This was the first full meeting of the committee elected in March. It elected Dave Allan as chair (a formality as he is the disabled workers’ representative on the TUC General Council); and Annie Galpin as co-chair.
Implementing Disabled Workers’ Conference decisions
TUC staff presented proposals for carrying out the policies passed by this year’s Disabled Workers’ Conference. As this took place seven months ago, they had started some of the work already. This includes:
- continuing to promote the TUC’s workbook on mental health
- campaigning against anti-union laws, including holding a webinar jointly with Free Our Unions
- calling for a statutory right to working from home as a reasonable adjustment.

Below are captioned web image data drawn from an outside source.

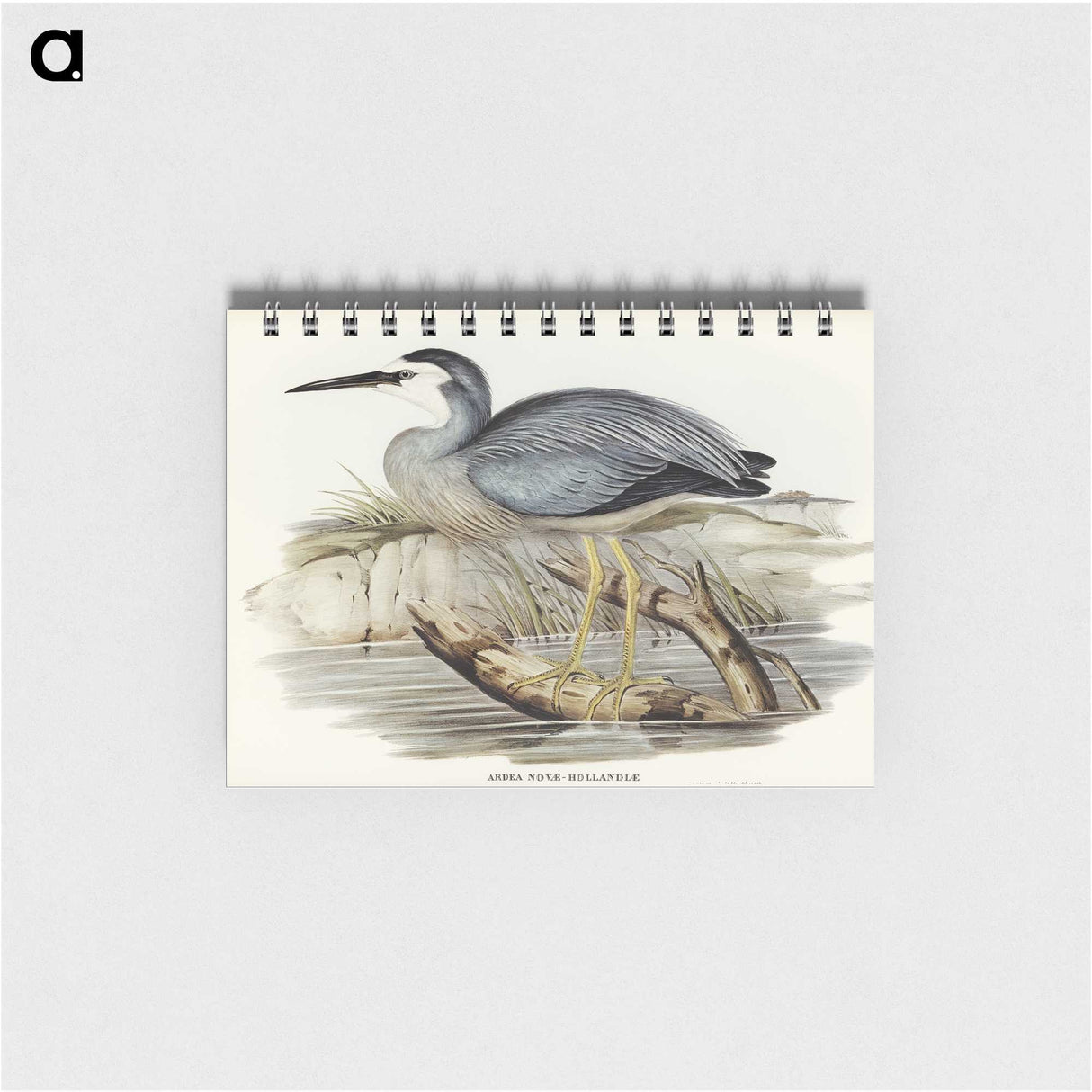 2-82_John-Gould_memo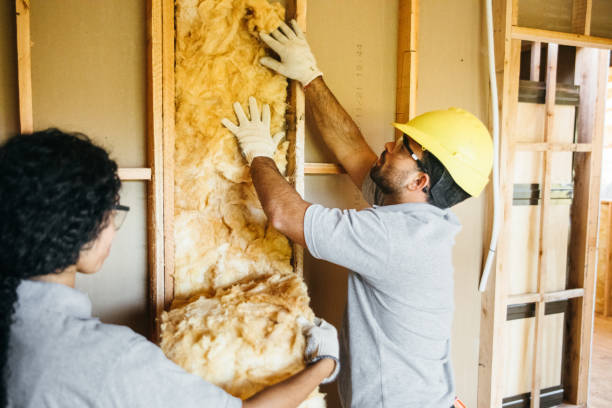 Best Home Insulation Services  in South St Paul, MN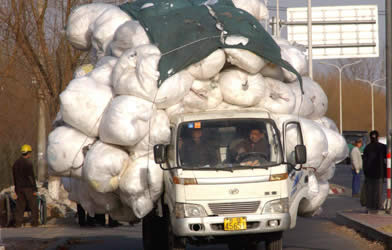 無茶な荷物02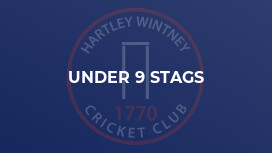 Under 9 Stags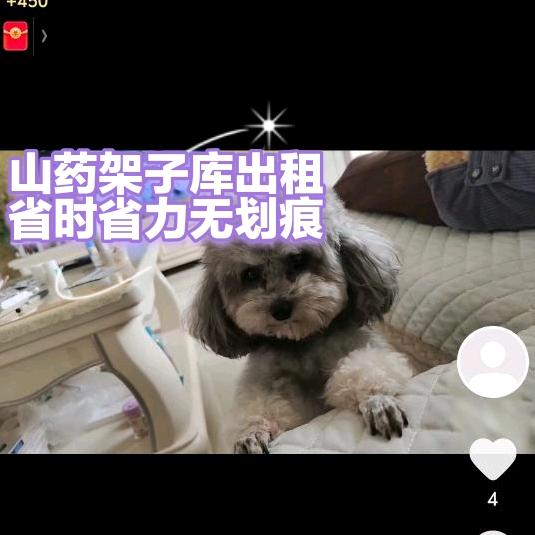 出租架子冷库，大曲堤村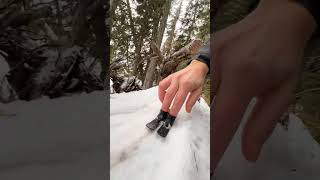 Favorite trick wbu slideofhand snowboard fingerskiing fingerskate snow snowboarding asmr [upl. by Ardme531]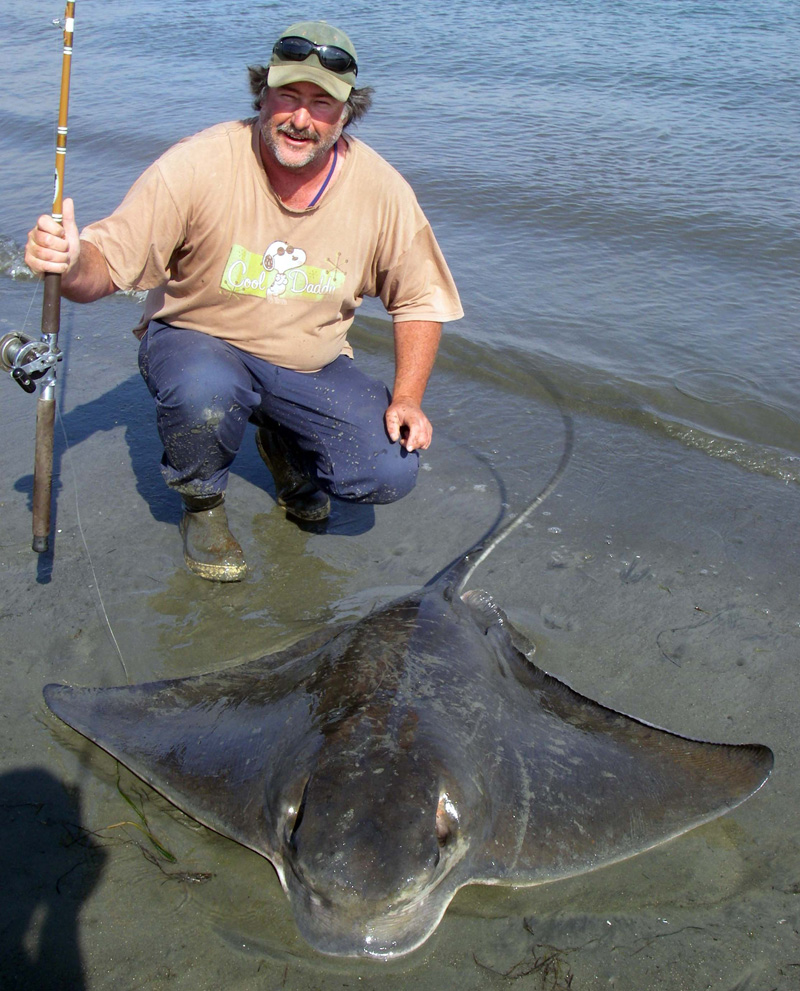 Bat Ray Fishing Southern California Bays 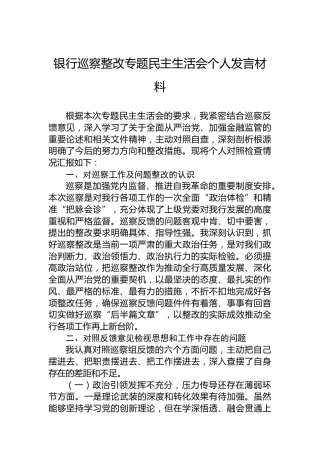 银行巡察整改专题民主生活会个人发言材料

There was considerable discussion on this, in particular about clarifying the difference between reasonable adjustments and flexible working. Confusing the two has led to many disabled workers requesting flexible working (which employers are not obliged to give) rather than reasonable adjustments (which employers are obliged to provide). It was also stressed that working from home is not suitable for everyone, and that we oppose employers forcing or coercing workers to do it in order to save money.
Committee Campaigning
There has been a welcome increase in committee members organising and speaking at events, including at those hosted by other committee members’ unions. This is helping the committee to become a campaigning, rather than solely an advisory, body. We also plan a leaflet to introduce the committee and its work.
TUC Accessibility
The TUC is developing an internal policy to ensure that its events are as accessible as possible. The draft had some good content, and committee members raised several issues that we wanted to be added.
Disability History Month
- dates: 18 November – 20 December (online launch 18 November)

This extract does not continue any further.